The SOR (Successive Over-Relaxation) method uses Gauss-Seidel iteration with in-place updates. When computing x[i,j], the left neighbor x[i-1,j] has already been updated in the current sweep:

for (j = 1; j < ny - 1; j++) {
    for (i = 1; i < nx - 1; i++) {
        double p_new = -(rhs[idx]
            - (x[idx + 1] + x[idx - 1]) / dx2    // x[idx-1] already updated
            - (x[idx + nx] + x[idx - nx]) / dy2   // x[idx-nx] already updated
            ) * inv_factor;
        x[idx] = x[idx] + omega * (p_new - x[idx]);
    }
}

This creates a read-after-write dependency chain along the i-axis:

x[1] → x[2] → x[3] → x[4] → ...

AVX2 processes 4 doubles simultaneously, but value at index 2 needs the result from index 1, value at index 3 needs the result from index 2, etc.
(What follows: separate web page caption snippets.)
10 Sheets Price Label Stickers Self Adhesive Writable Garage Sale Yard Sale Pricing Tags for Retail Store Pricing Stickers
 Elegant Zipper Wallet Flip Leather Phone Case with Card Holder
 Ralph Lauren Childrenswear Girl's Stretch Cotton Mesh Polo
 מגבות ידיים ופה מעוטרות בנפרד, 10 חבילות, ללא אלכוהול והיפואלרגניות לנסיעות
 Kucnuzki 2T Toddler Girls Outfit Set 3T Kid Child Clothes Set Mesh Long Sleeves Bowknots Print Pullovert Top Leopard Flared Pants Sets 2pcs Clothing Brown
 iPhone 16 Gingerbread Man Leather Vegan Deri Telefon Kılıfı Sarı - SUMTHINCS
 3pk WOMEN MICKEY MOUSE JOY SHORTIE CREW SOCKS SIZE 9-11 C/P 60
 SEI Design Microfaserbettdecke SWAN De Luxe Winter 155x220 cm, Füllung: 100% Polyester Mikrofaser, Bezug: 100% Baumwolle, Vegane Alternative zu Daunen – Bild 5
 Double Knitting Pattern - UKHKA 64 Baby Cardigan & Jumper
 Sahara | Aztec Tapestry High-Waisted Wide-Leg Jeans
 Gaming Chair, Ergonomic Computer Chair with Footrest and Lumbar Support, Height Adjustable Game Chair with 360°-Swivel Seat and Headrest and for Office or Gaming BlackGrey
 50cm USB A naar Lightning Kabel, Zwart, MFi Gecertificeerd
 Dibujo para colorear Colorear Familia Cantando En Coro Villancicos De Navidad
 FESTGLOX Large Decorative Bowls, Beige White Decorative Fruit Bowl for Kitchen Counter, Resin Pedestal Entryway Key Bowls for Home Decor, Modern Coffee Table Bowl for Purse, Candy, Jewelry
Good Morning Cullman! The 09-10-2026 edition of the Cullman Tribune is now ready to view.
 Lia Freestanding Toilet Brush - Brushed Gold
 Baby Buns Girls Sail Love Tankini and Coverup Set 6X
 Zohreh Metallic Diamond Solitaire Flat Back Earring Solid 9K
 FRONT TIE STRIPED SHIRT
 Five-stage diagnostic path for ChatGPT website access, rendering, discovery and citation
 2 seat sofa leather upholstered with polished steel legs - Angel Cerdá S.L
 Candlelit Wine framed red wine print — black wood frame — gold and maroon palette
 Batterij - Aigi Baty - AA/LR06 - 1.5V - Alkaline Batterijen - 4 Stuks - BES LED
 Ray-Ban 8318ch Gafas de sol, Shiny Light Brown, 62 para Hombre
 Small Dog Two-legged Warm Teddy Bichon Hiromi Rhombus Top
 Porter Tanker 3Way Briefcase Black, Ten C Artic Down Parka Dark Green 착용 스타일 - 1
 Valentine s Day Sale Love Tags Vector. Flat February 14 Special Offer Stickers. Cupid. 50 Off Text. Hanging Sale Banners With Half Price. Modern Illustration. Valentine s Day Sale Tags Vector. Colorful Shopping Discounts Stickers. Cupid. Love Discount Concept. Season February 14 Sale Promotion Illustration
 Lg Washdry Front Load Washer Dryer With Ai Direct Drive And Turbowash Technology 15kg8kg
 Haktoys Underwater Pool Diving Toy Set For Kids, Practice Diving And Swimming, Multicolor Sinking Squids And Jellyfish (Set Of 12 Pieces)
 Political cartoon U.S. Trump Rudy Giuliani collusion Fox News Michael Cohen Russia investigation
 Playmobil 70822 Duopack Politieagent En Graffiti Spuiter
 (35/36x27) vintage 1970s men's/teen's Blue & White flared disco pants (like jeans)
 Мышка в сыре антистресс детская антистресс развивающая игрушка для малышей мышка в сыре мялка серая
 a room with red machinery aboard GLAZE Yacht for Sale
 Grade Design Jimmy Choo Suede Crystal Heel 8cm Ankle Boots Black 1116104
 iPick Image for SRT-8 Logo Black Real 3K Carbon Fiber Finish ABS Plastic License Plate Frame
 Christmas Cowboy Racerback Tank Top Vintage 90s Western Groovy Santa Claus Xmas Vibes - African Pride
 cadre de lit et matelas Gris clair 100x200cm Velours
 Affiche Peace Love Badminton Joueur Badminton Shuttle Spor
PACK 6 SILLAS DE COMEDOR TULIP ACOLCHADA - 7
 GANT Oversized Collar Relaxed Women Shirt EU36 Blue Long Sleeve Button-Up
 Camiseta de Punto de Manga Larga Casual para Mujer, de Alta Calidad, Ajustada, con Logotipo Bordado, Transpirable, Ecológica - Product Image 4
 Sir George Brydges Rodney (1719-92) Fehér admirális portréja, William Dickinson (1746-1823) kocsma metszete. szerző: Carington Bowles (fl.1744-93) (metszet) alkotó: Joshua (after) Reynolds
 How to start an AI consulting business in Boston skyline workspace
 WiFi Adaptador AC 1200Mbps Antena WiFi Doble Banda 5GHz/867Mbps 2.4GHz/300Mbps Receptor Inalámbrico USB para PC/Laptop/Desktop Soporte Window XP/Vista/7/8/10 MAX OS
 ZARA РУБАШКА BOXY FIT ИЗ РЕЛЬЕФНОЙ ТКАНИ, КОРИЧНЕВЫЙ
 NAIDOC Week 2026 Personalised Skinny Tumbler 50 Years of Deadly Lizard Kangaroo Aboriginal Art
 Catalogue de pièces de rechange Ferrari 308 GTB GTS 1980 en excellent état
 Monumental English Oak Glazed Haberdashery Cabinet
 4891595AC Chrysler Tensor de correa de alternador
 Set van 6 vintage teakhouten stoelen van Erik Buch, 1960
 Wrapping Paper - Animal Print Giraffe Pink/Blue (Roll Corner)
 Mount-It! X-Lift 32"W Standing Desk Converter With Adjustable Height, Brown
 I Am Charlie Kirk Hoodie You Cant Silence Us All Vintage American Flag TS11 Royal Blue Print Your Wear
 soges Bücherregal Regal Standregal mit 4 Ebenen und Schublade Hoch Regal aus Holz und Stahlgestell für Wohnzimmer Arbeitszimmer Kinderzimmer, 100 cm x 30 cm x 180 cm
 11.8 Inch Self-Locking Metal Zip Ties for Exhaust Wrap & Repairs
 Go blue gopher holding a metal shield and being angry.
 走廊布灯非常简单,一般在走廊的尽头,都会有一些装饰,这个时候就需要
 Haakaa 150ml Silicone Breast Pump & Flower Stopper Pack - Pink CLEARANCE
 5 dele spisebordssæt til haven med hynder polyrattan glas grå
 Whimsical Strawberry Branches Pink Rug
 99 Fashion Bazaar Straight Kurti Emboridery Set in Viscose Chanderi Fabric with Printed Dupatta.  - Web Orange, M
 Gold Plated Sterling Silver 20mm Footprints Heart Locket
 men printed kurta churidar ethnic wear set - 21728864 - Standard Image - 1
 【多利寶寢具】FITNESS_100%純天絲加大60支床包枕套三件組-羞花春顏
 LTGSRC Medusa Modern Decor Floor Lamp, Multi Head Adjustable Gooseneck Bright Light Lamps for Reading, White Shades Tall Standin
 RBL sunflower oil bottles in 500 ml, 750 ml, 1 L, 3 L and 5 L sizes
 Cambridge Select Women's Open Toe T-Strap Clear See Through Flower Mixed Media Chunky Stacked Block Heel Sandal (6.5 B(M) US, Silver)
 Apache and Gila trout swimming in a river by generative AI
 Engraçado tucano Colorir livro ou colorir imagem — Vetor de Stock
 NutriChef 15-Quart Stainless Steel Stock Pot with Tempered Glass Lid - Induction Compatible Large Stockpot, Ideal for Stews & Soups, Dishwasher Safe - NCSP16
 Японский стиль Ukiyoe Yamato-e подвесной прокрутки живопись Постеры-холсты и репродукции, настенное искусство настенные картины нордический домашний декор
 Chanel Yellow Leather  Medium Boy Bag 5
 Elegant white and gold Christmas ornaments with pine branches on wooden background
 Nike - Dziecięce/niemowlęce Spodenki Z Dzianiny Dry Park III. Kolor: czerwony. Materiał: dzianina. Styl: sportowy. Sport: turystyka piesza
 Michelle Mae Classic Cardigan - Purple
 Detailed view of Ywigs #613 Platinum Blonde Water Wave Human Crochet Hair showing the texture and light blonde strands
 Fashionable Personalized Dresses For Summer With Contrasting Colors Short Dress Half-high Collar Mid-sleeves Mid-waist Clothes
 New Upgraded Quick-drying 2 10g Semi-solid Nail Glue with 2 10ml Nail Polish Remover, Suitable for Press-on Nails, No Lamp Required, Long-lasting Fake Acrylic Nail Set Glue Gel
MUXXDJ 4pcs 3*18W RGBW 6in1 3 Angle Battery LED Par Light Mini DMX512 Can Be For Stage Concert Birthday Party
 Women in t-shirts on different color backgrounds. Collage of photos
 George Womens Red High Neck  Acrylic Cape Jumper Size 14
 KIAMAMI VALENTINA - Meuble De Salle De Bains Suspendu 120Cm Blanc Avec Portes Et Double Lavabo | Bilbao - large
This read-after-write hazard prevents naive SIMD vectorization.

Block SOR Technique

Instead of processing cells one at a time, process SIMD_WIDTH consecutive cells as a single block:

  • AVX2: blocks of 4 cells (__m256d, 256-bit)
  • NEON: blocks of 2 cells (float64x2_t, 128-bit)

Dependency Analysis

For AVX2 with block size 4, processing cells [4k+1, 4k+2, 4k+3, 4k+4]:

Between blocks (satisfied):

  • Cell 4k+1 reads left neighbor x[4k] from the previous block
  • That value IS already updated and stored back to memory
  • The inter-block Gauss-Seidel dependency is fully preserved

Within a block (approximated):

  • Cell 4k+2 reads x[4k+1] — NOT yet updated (same SIMD operation)
  • Cell 4k+3 reads x[4k+2] — NOT yet updated
  • Cell 4k+4 reads x[4k+3] — NOT yet updated
  • These intra-block left-neighbor reads use stale (previous-iteration) values

Y-direction (satisfied):

  • Row j is processed only after row j-1 is completely swept
  • The bottom neighbor x[i,j-1] is always the correctly updated value
  • No approximation in the y-direction

Visualization

Row j, iteration n:

Scalar SOR (fully sequential):
  x[1]ⁿ⁺¹ ← uses x[0]ⁿ⁺¹ (BC)
  x[2]ⁿ⁺¹ ← uses x[1]ⁿ⁺¹ (fresh!)
  x[3]ⁿ⁺¹ ← uses x[2]ⁿ⁺¹ (fresh!)
  x[4]ⁿ⁺¹ ← uses x[3]ⁿ⁺¹ (fresh!)
  x[5]ⁿ⁺¹ ← uses x[4]ⁿ⁺¹ (fresh!)
  ...

Block SOR (SIMD_WIDTH=4):
  ┌─ SIMD block 0 ──────────────────────────┐
  │ x[1]ⁿ⁺¹ ← uses x[0]ⁿ⁺¹ (BC, fresh!)   │
  │ x[2]ⁿ⁺¹ ← uses x[1]ⁿ   (stale)        │
  │ x[3]ⁿ⁺¹ ← uses x[2]ⁿ   (stale)        │
  │ x[4]ⁿ⁺¹ ← uses x[3]ⁿ   (stale)        │
  └──────────────────────────────────────────┘
  ┌─ SIMD block 1 ──────────────────────────┐
  │ x[5]ⁿ⁺¹ ← uses x[4]ⁿ⁺¹ (fresh!)       │
  │ x[6]ⁿ⁺¹ ← uses x[5]ⁿ   (stale)        │
  │ x[7]ⁿ⁺¹ ← uses x[6]ⁿ   (stale)        │
  │ x[8]ⁿ⁺¹ ← uses x[7]ⁿ   (stale)        │
  └──────────────────────────────────────────┘

Convergence Impact

Block SOR behaves as a hybrid between Jacobi (all old values) and Gauss-Seidel (all fresh values):

Property Jacobi Block SOR (AVX2) Block SOR (NEON) Scalar SOR
Left-neighbor freshness 0% fresh 25% fresh (1/4) 50% fresh (1/2) 100% fresh
Bottom-neighbor freshness 0% fresh 100% fresh 100% fresh 100% fresh
Convergence per iteration Slowest Moderate Moderate-Fast Fastest
Parallelizability Full SIMD only SIMD only None

In practice:

  • Convergence rate is slightly slower than scalar SOR but significantly faster than Jacobi
  • The effect diminishes on larger grids (more inter-block steps relative to intra-block)
  • For NEON (width=2), the approximation is milder — only 1 of 2 left-neighbor reads is stale
  • May require ~10-20% more iterations than scalar SOR to reach the same residual tolerance

Why Not OpenMP on Rows

Unlike Jacobi or Red-Black SOR, Block SOR rows remain sequential. Row j depends on row j-1 being fully swept. Applying #pragma omp parallel for across rows would break the y-direction Gauss-Seidel dependency and degrade convergence to Jacobi-like behavior (or worse, introduce race conditions).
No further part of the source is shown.